New software to find the dangerous asteroids
Their software sifts through other people’s data in search of threats. During a first run of the system, 104 previously unknown objects were found.
Large asteroids whiz past near the earth at regular intervals, for example on March 21 last year. The bumblebee with a diameter of 900 meters was discovered 20 years ago. But they are not always discovered in such good time.
The B612 Foundation was formed in 2002 in response to US authorities not taking the asteroid threat seriously enough. Initially, the goal was to raise money for its own telescope for the purpose, but after Nasa had taken on the task, the private organization chose to redirect its funds.
In 2017, the B612 Foundation launched the Asteroid Institute. There, they work to discover asteroids that are hidden in the data that astronomers collect for other research purposes. Now they have a new tool, the institute writes in one press release.
Then the object is flagged as an asteroid
In collaboration with the University of Washington, an algorithm has been developed that can thin the huge surface and identify potentially dangerous asteroids. One problem was that the basic data lacked so-called tracklets, ie a series of observations of an object made during a night. However, the new software can anticipate this and display a trajectory based on a single point of light.

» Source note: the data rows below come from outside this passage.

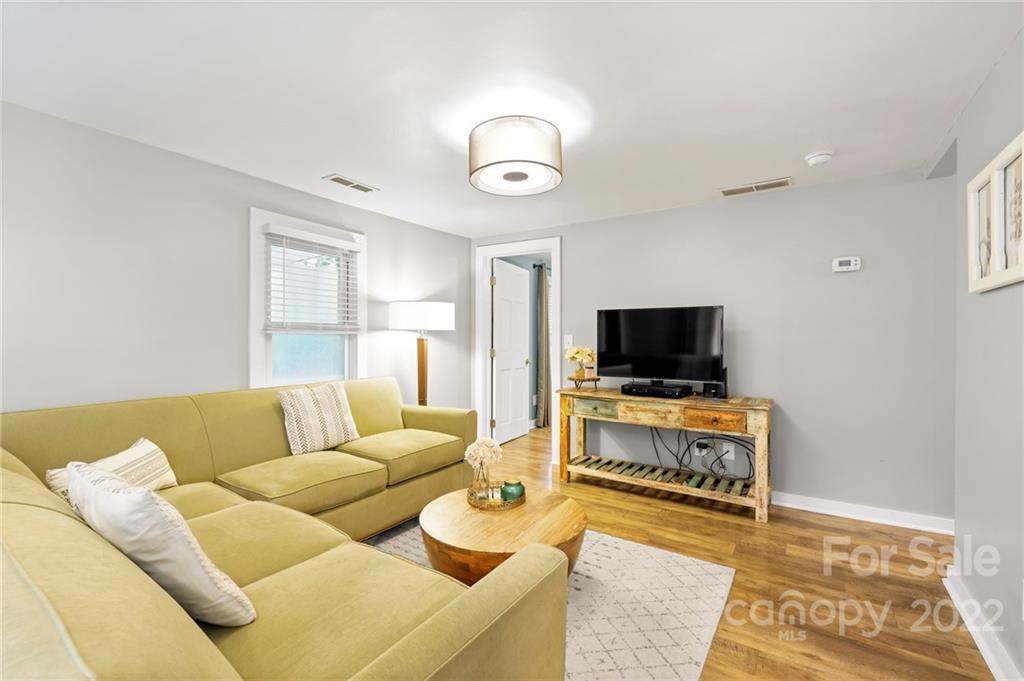 185 Appalachian Way Asheville NC 28806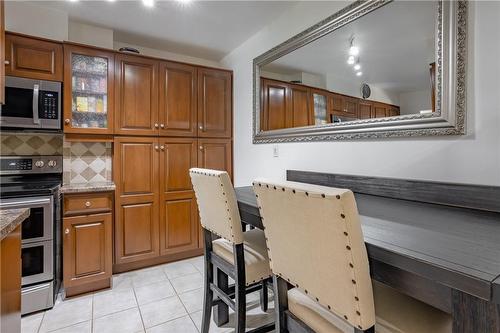 3 Vincent Court, Hamilton, ON - Indoor Photo Showing Kitchen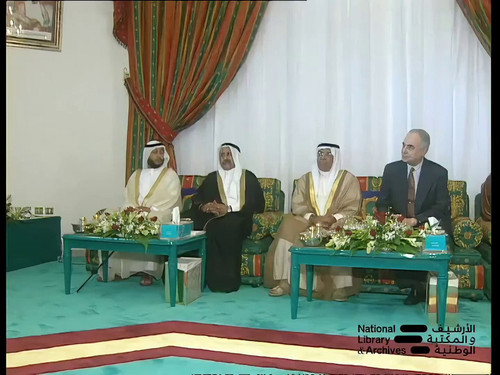 b uv 10eo3HsdzBW.jpg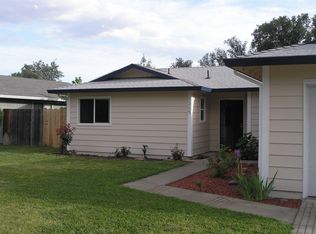 1209 Woodside Meadows Dr, Redding, CA 96002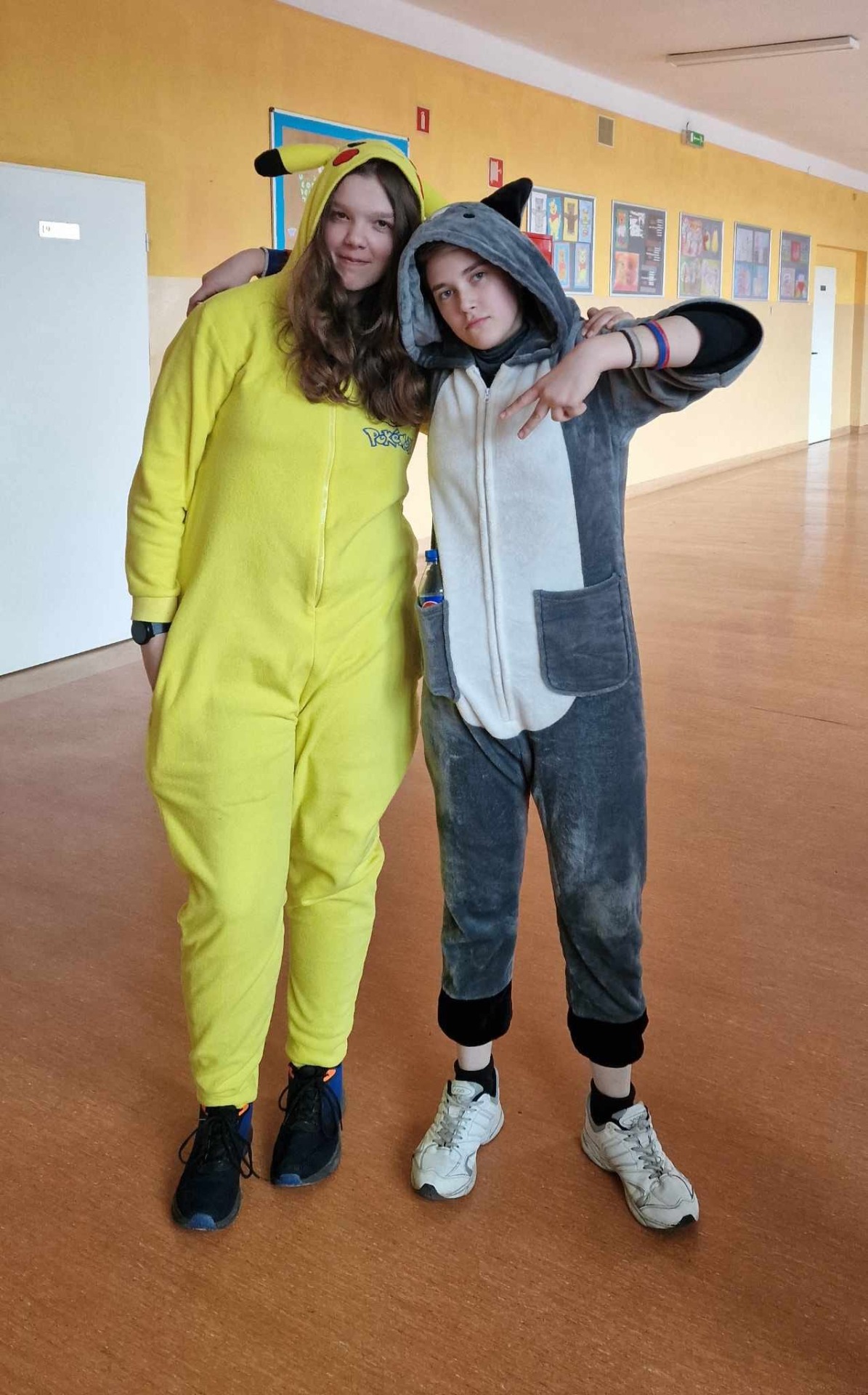 2 nastolatki w kombinezonach - piżamach (kolory -żółty i szary)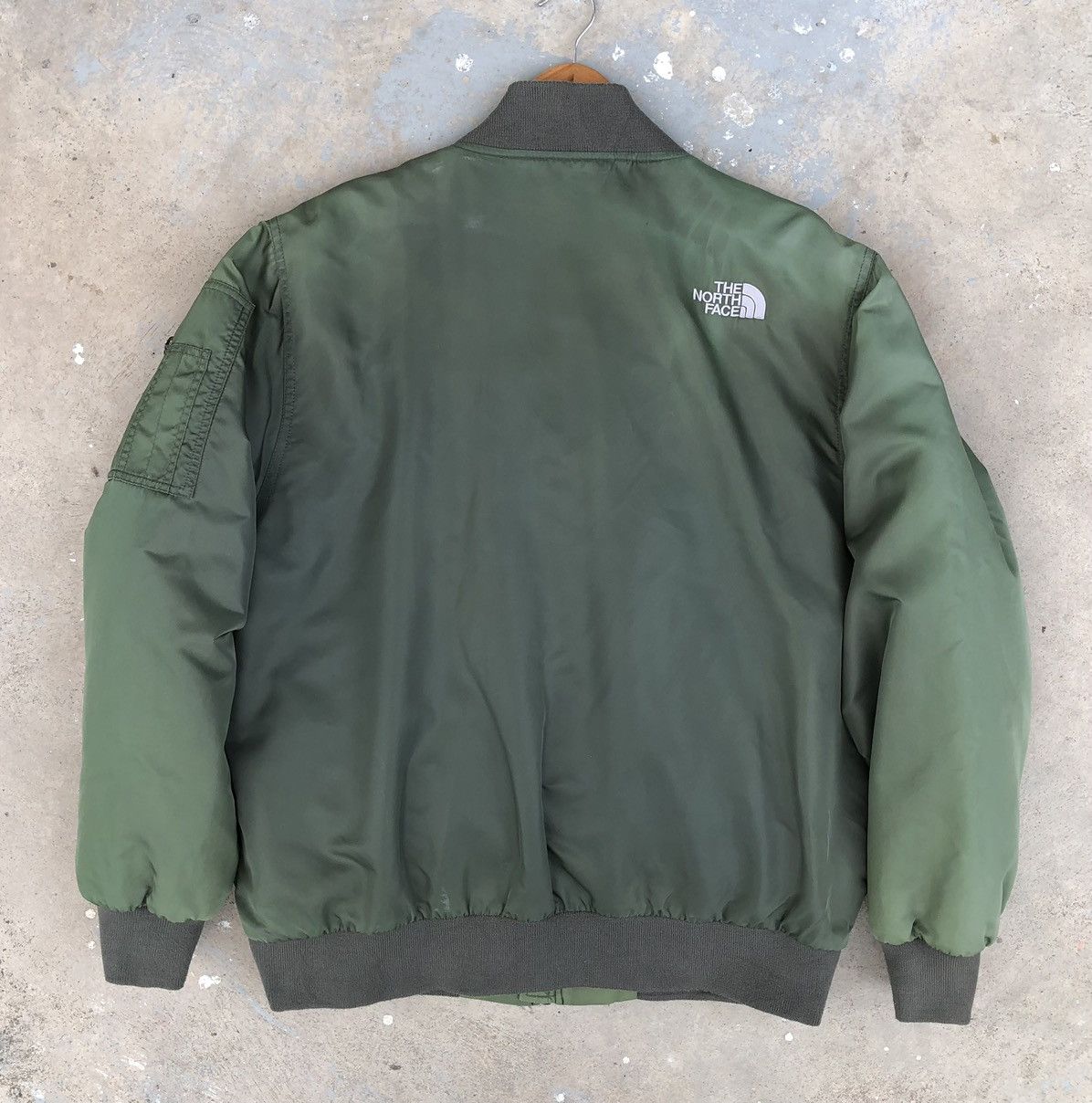 The North Face Vintage The North Face Green Sun Faded Bomber Jacket Size US XL / EU 56 / 4 - 12 Thumbnail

The software has been named tracket-less heliocentric orbit recovery, abbreviated Thor. It makes assumptions about direction and speed, among other things with the support that asteroids follow certain orbits.
The system creates test tracks that are followed up by new observations, and after five to six such observations within a few weeks, the object is flagged as a potential asteroid.
The Noirlab source catalog (NSC) consists of close to 68 billion observations made by the National Optical Astronomy Observatory’s telescope 2012–2019. As a first demonstration, Thor went through the data from 30 days and then found 104 previously unknown objects. This required heavy cloud computing and cloud storage, provided by Google.